This project aims to classify speech acts using machine learning techniques. It includes implementations of various models such as Naive Bayes, Support Vector Machine (SVM), Convolutional Neural Network (CNN), and BERT for both single-label and multi-label classification tasks. The code provides functionalities for data preprocessing, model training, evaluation, and comparison.
The directory 'data' contains the csv and Excel files for the raw and labelled datasets. Within data the following files exist:
- full-raw-transcript.csv: the original raw data
- original-labels.csv: contains the sentences labelled following the original labels
- adjusted-labels-comms-exclusive.csv: contains the sentences labelled with the Multiple Instances Labelling approach
- adjusted-labels-priorities-importance.csv: contains the sentence labelled with the Priority Labelling approach
- adjusted-labels-multiclass.xlsx: contains the sentences labelled for multi-label classification
The following directories are named after the machine learning technique implemented in those directories.
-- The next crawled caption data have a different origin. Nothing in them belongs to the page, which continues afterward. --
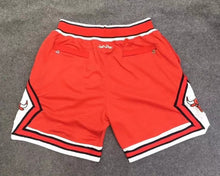 Load image into Gallery viewer, Chicago Bulls Shorts Red Green
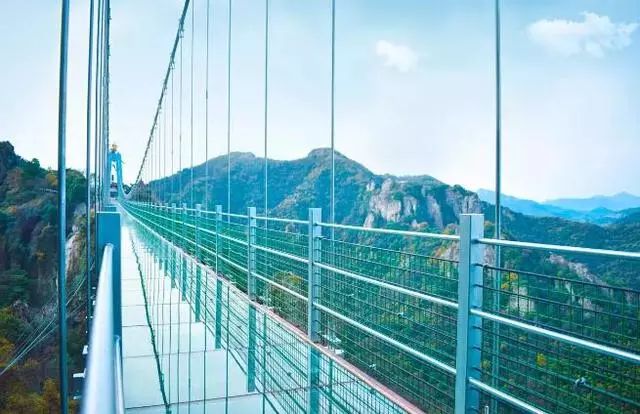 中国最美最刺激的10座玻璃桥,敢约吗?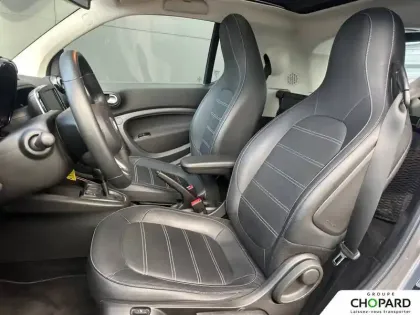 Photo 10 Smart Fortwo  Coupé 82 ch
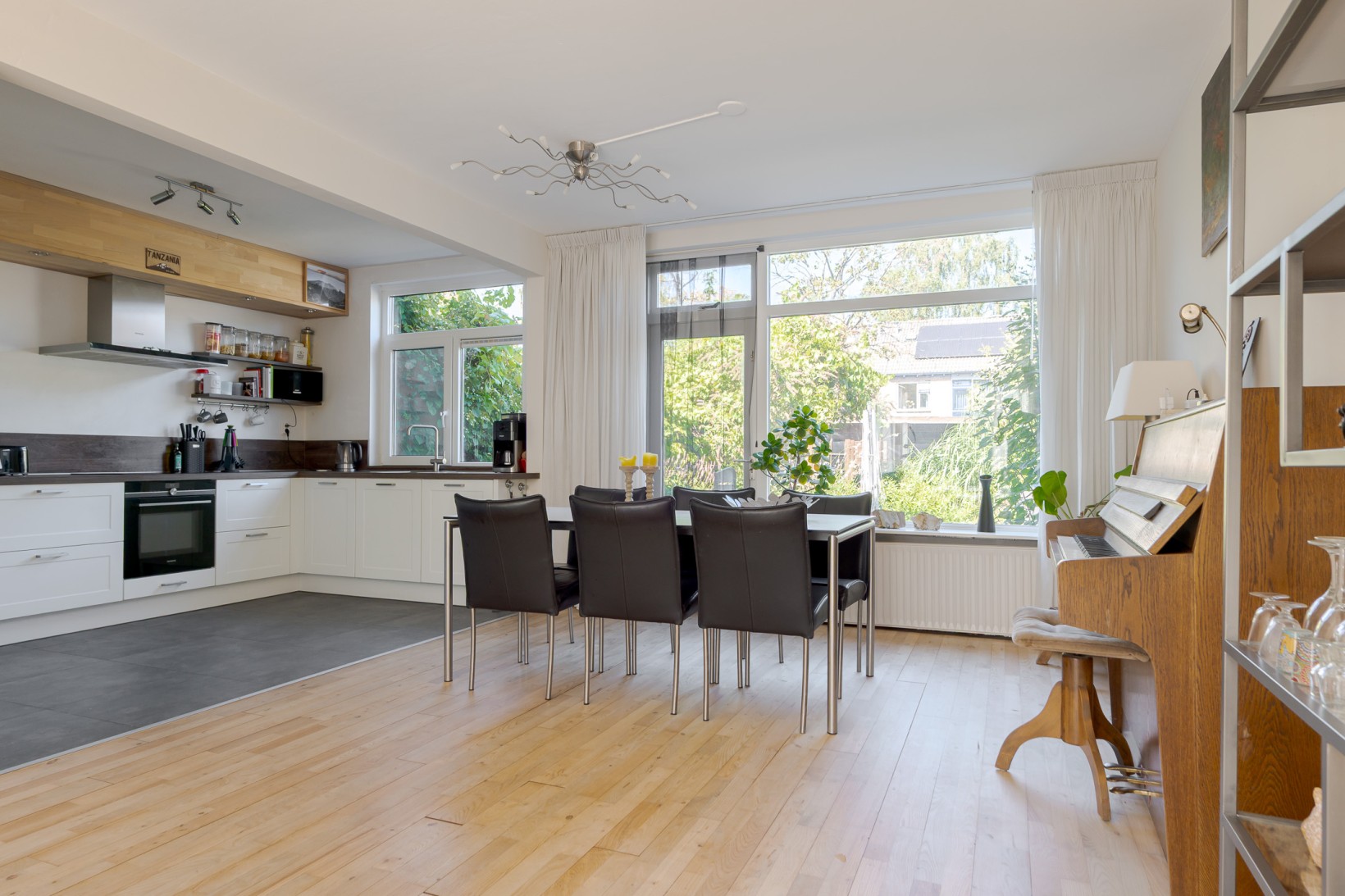Tussenwoning te koop: Oudgenoegstraat 50, Roden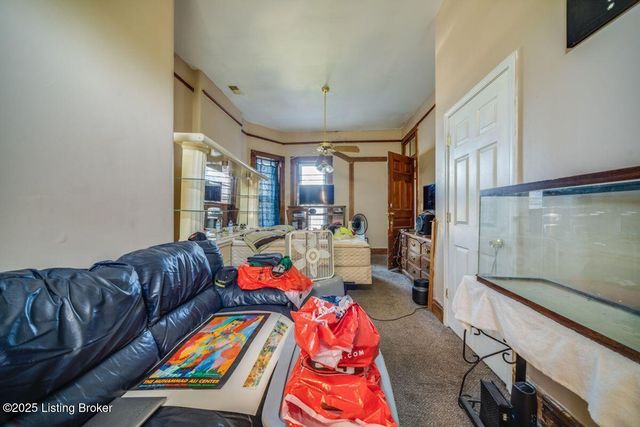 2008 W Jefferson St, Louisville, KY 40203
Each directory contains the code for both single and multi label classification for that machine learning technique
- bert
- convolutional-neural-network
- naive-bayes
- support-vector-machine
The following files in the root directory are:
- data-visualisation.ipynb: Running this file generates charts and visualisations for the various data files
- label_regex.py: This file contains several functions that utilise regular expressions to label the original data based on the requirements including priority labelling, multiple instances labelling, and for multi-label classification
It is important to maintain the structure of the project when running it as the paths are relative to the root directory.
In order to run the code a machine with Python 3.x installed is required. Furthermore, in order to run the CNN and BERT models effectively, they need to be run with GPU support such as a platform like Google Colab.
Each jupyter notebook file can be run independently to reproduce the results discussed in the report.